Free enterprise offers us the hope of a better tomorrow. Conservatives like me want more people to succeed, more people to enjoy rising living standards, more people to own homes and shares and other items of value. My opponents’ caricature that Conservatives promote low pay for the many and greater inequality for the few is the opposite of the truth. Conservatives want greater prosperity for all, but accept there will continue to be inequalities in a free society.
Many socialists, in contrast, want to make us more equal by taxing those who are successful more heavily. They wish to regulate the private sector more, take more of its profits away, and punish those who work hard and pioneer new ways of doing and making things. The price of greater equality is far less freedom. They think this a price worth paying. When taken to extremes you end up in a world like communist eastern Europe prior to 1990. Even in such egalitarian societies the powerul political elite make sure they escape the privations of the many, with a privileged lifestyle that money could not buy.
I am not a natural legislator. I think we have too many laws, not too few. I am happier repealing laws than inventing new ones. MPs have in boxes full of lobby inspired campaigns to tax people and companies more, to stop them doing things, or to make them do things they are reluctant to do. The friendly socialist responds to these pressures by offering more tax breaks, subsidies and public spending programmes to move the world in the direction they want. The unfriendly socialist prefers to do it by criminalising more conduct and taxing more revenue.

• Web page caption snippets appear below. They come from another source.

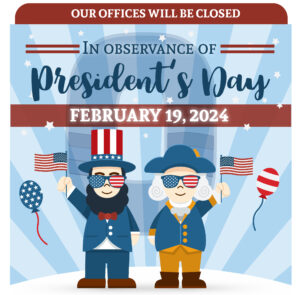 osceola water works closed on presidents day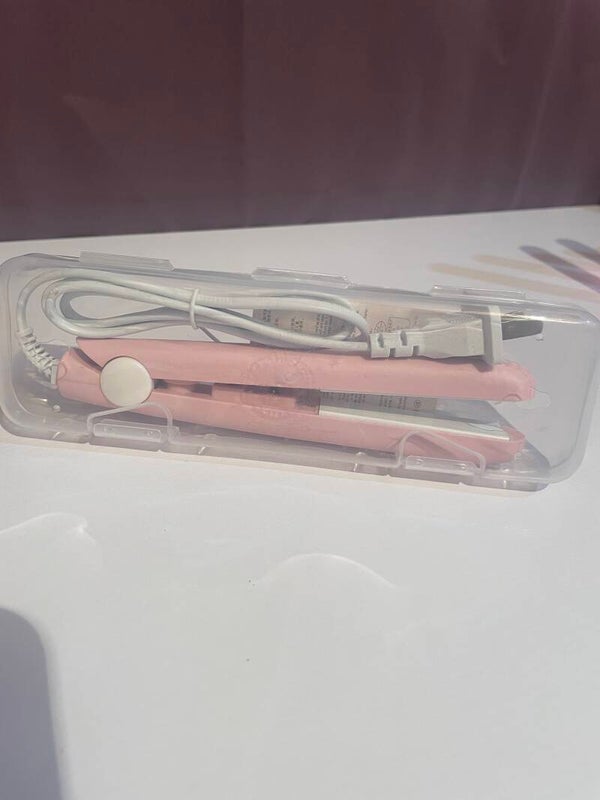 Mini lisseur à cheveux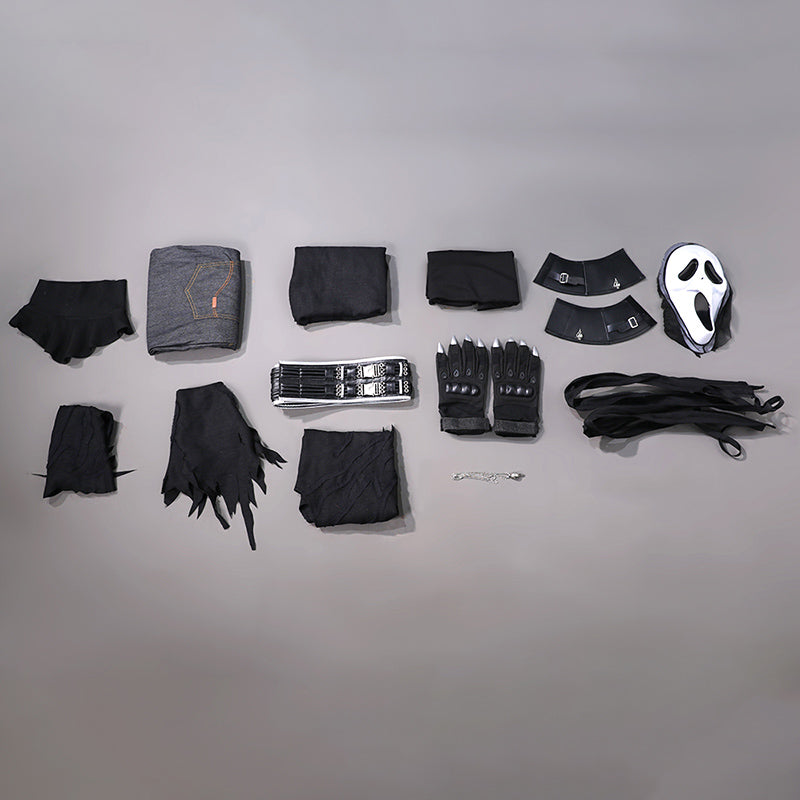 Dead by Daylight Danny Jed Olsen Johnson The Gost Face Ghostface Halloween Cosplay Costume B Edition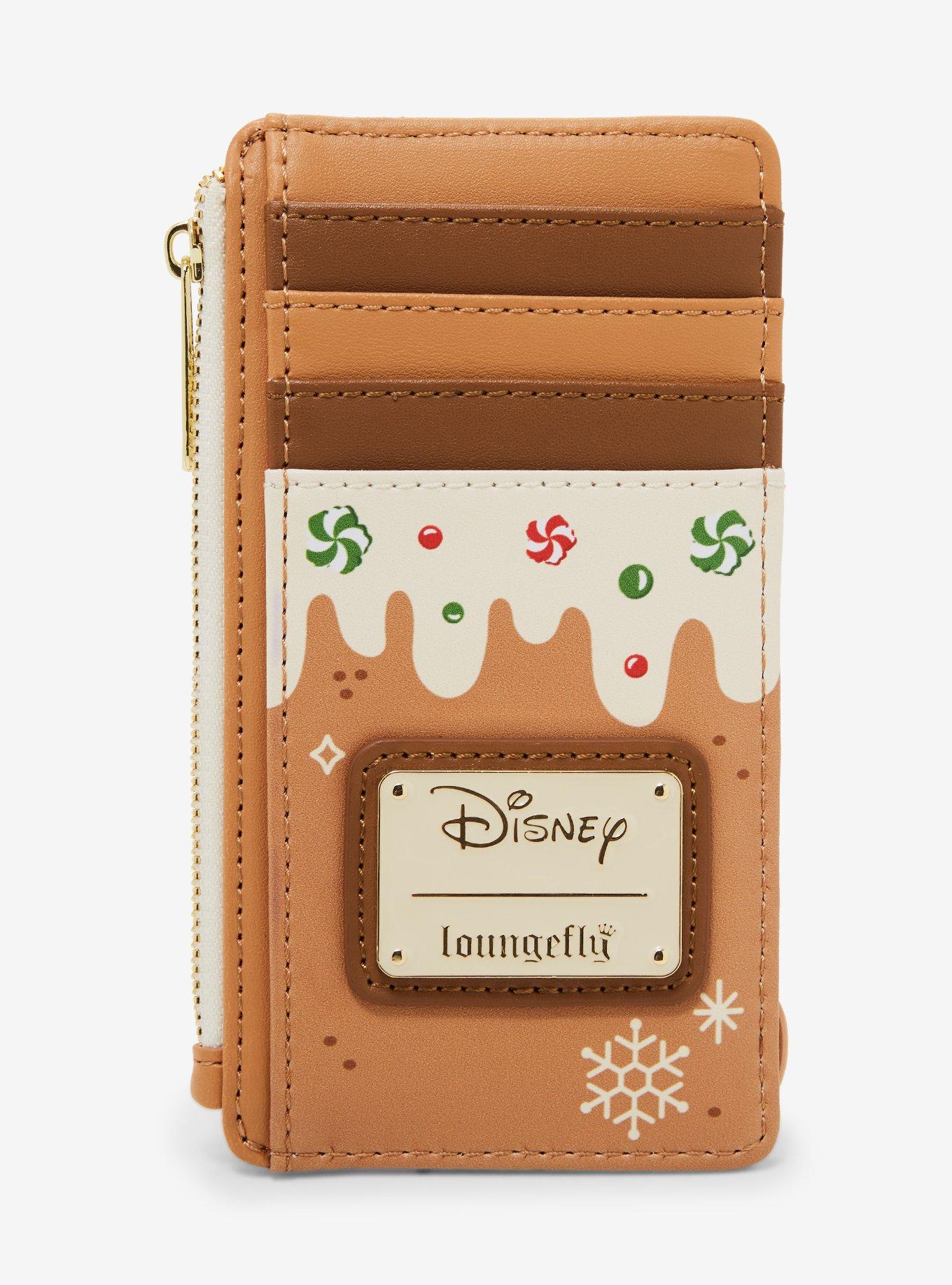 Loungefly Disney Stitch Scrump Gingerbread Large Cardholder, , hi-res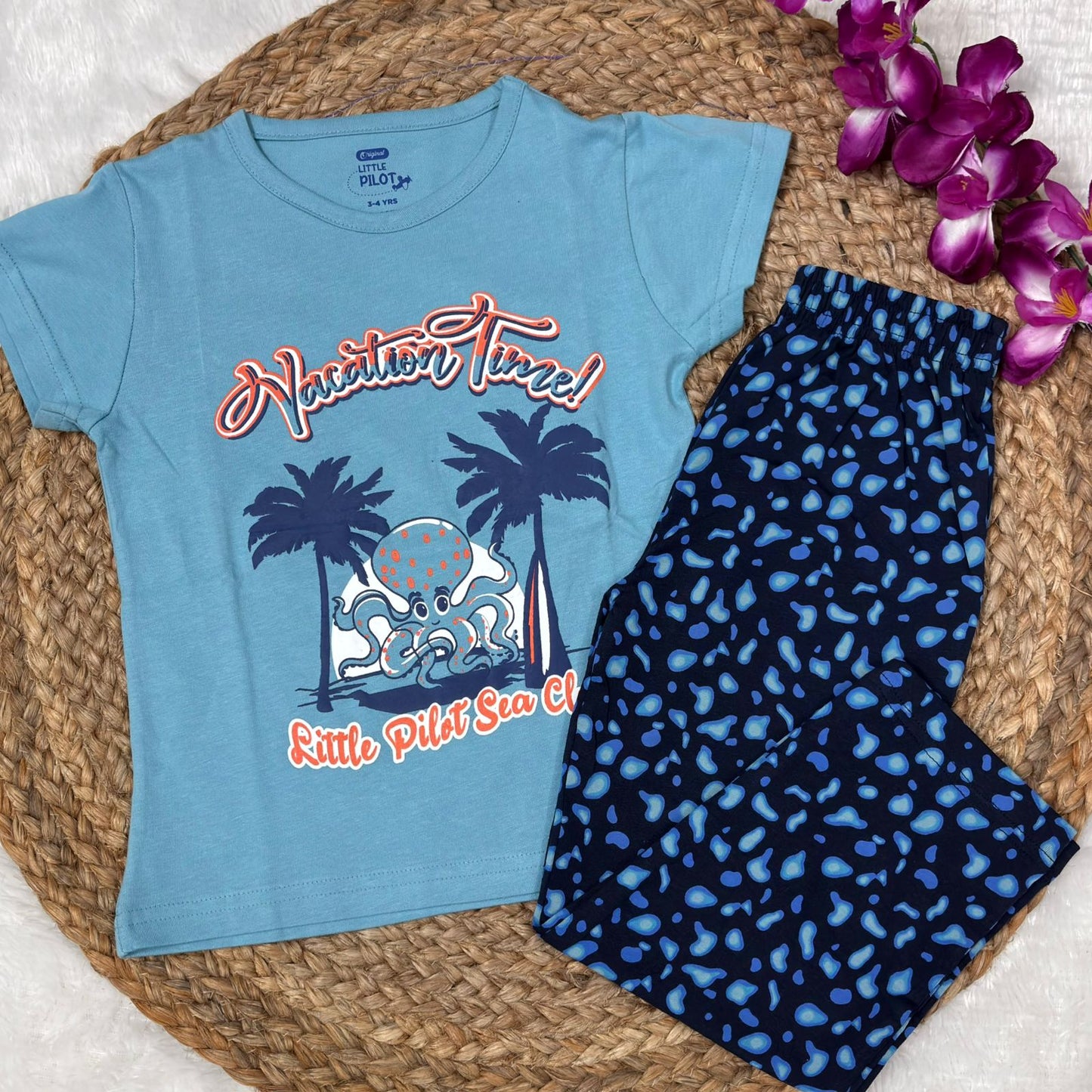 Girls Pant Set IW04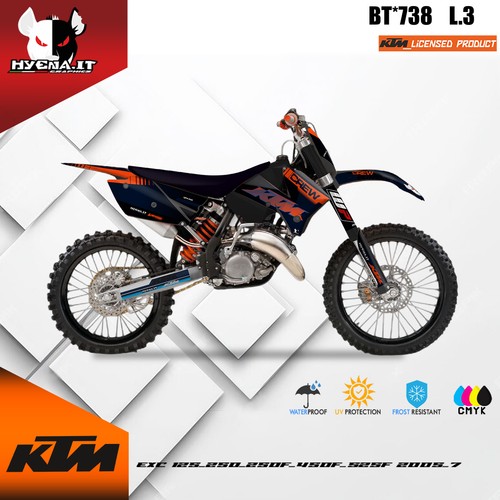 Kit grafiche lucide - kit, ktm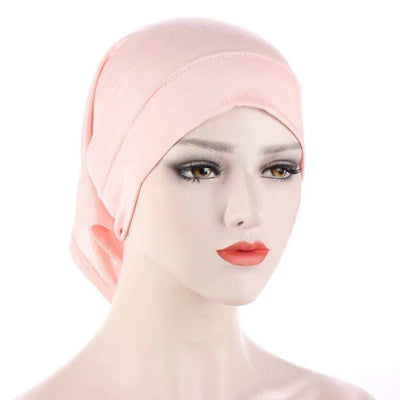 Light Pink Hijab Undercap  - Ayesha’s Collection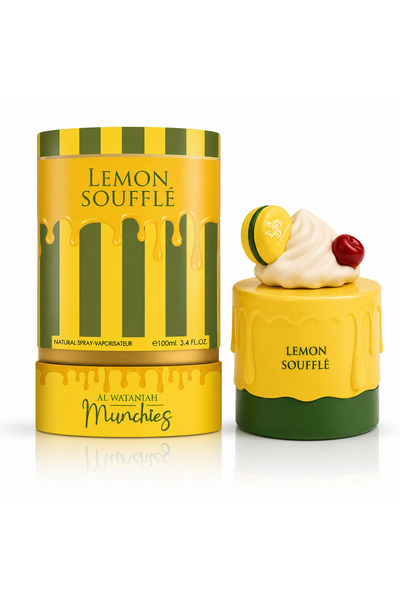 Al Wataniah Apă de parfum unisex, Lemon Soufflé, 100 ml, Munchies ®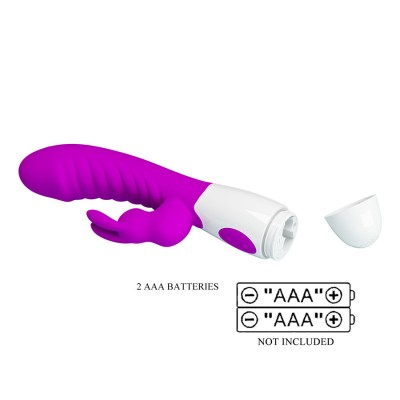 PRETTY LOVE - NAUGHTY VIBRADOR ROXO BUNNY - D-245190 - Dona Pimenta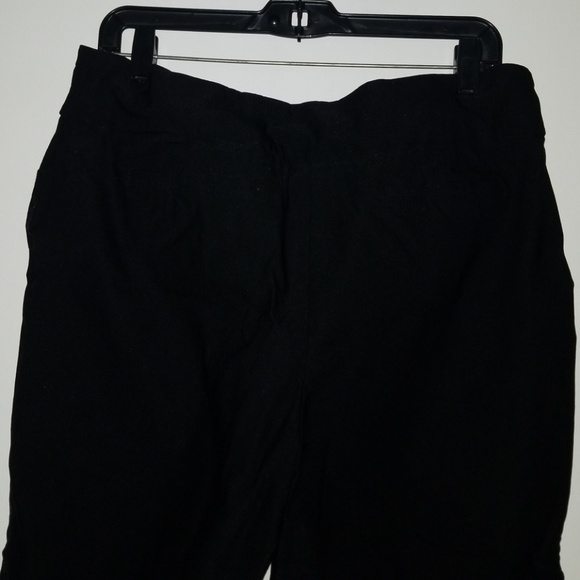 Charter Club Black stretch pant. Size 16. - Picture 3 of 3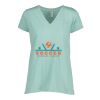Ladies Essential Relaxed V-Neck Tee Thumbnail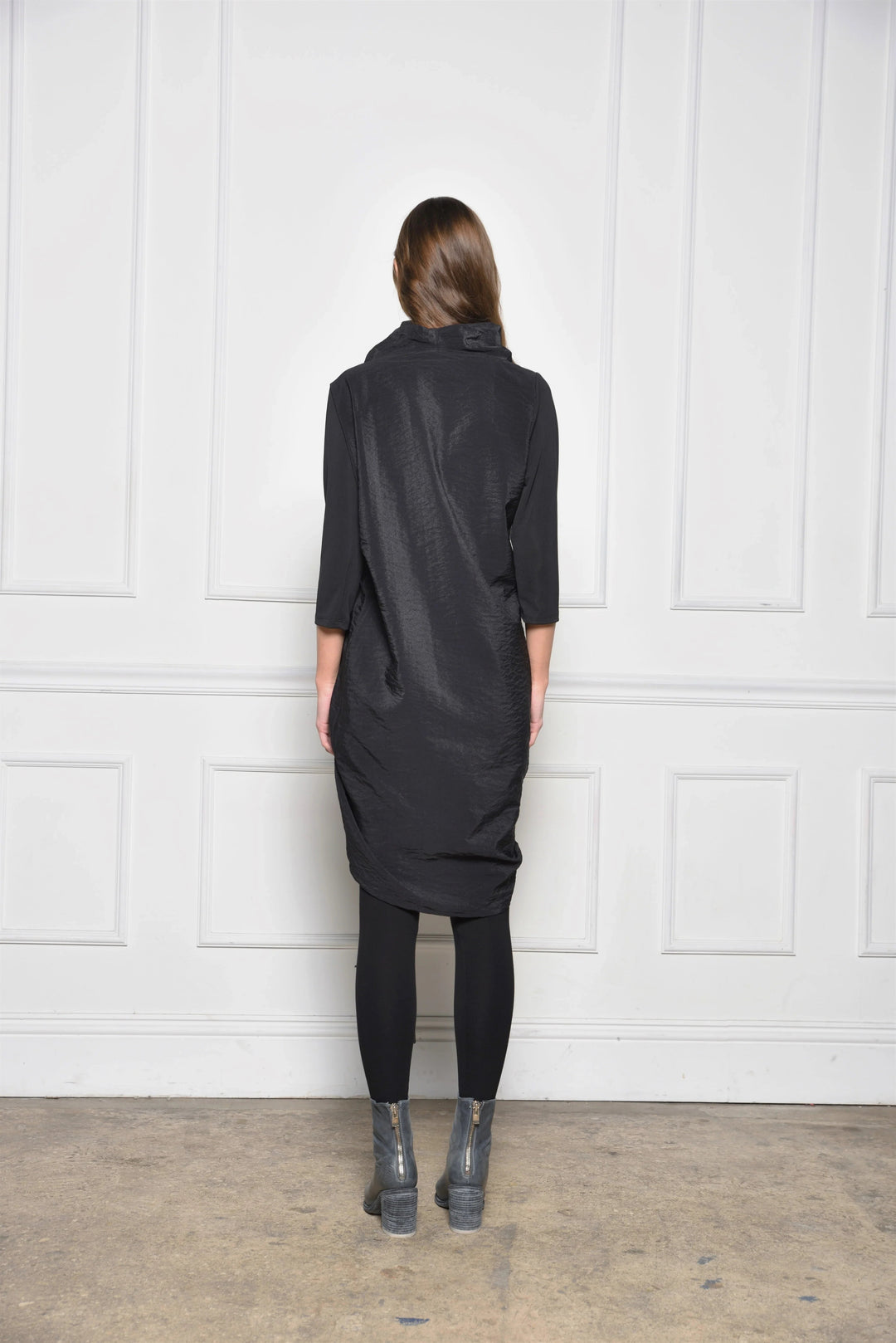 Large Double Ruch Dress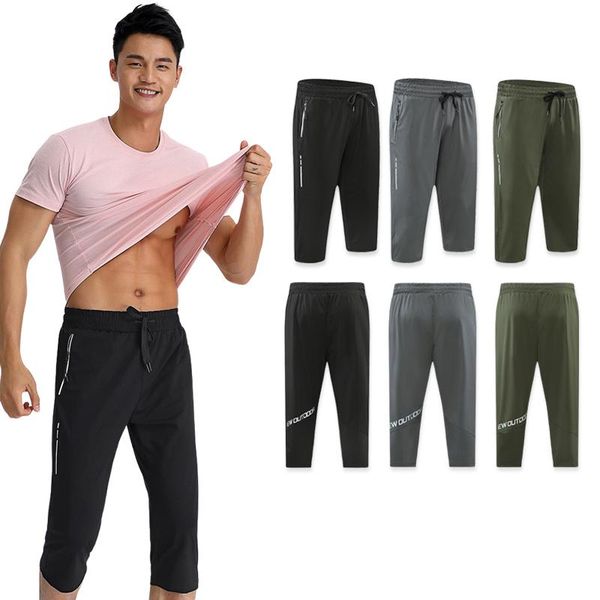 running pants mannen sport cropped broeken casual dunne losse 3 /4 capri broek hoge kwaliteit gym jogging joggingbroek zeven -punt homme, Black;blue
running pants mannen sport cropped broeken casual dunne losse 3 /4 capri broek hoge kwaliteit gym jogging joggingbroek zeven -punt homme, Black;blue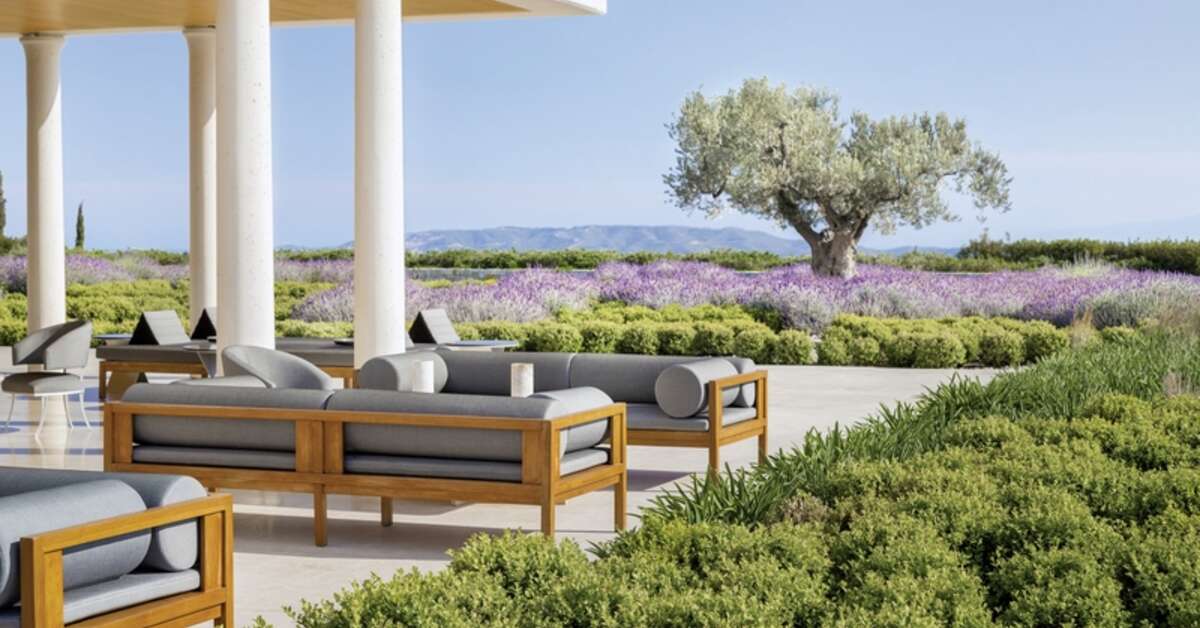 Ein Foto Amanzoe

One of the most pleasant surprises I have had doing the job of an MP is to discover that jealousy is not such a popular or universal emotion as many socialists seem to believe. Voters did not queue up to abolish by ballot the remaining grammar schools, even though most of them knewtheir children would not benefit. Many voters accept that a good entrepreneur who has worked hard and taken risks to make his or her money should be able to enjoy a decent proportion of the fruits of their labours. Most voters want to be able to pass some money on to the next generation, rather than wishing to make each generation start again with the state pocketing the gains of the dying. Most people want to own their own home and are pleased if it goes up in value. There is no desire for more people to be tenants of the state.
It is true that jealousy can come into some popular views, allied sometimes to a sense of fairness. Many share my view that state employees, whether in a subsidised bank or a great quango, should not be rewarded as if they were in the private sector on a performance bonus taking big risks with private money and subject to sudden loss of job if they get it wrong. Others dislike high pay however it is earned and whoever pays for it. Some dislike high pay selectively, condemning it for bankers but accepting it for footballers or the Governor of the Bank of England.
As a believer in free enterprise I am an optimist. During my life so far I have seen many people and whole societies become much richer and better served by the power of innovation and by the energy of the marketplace. We have been liberated from washday by the washing machine, from long walks to work and play by the car, from loneliness and boredom by the tv and the internet. Many more people now have better paid jobs, and no longer have the back breaking physical work of their grandparents.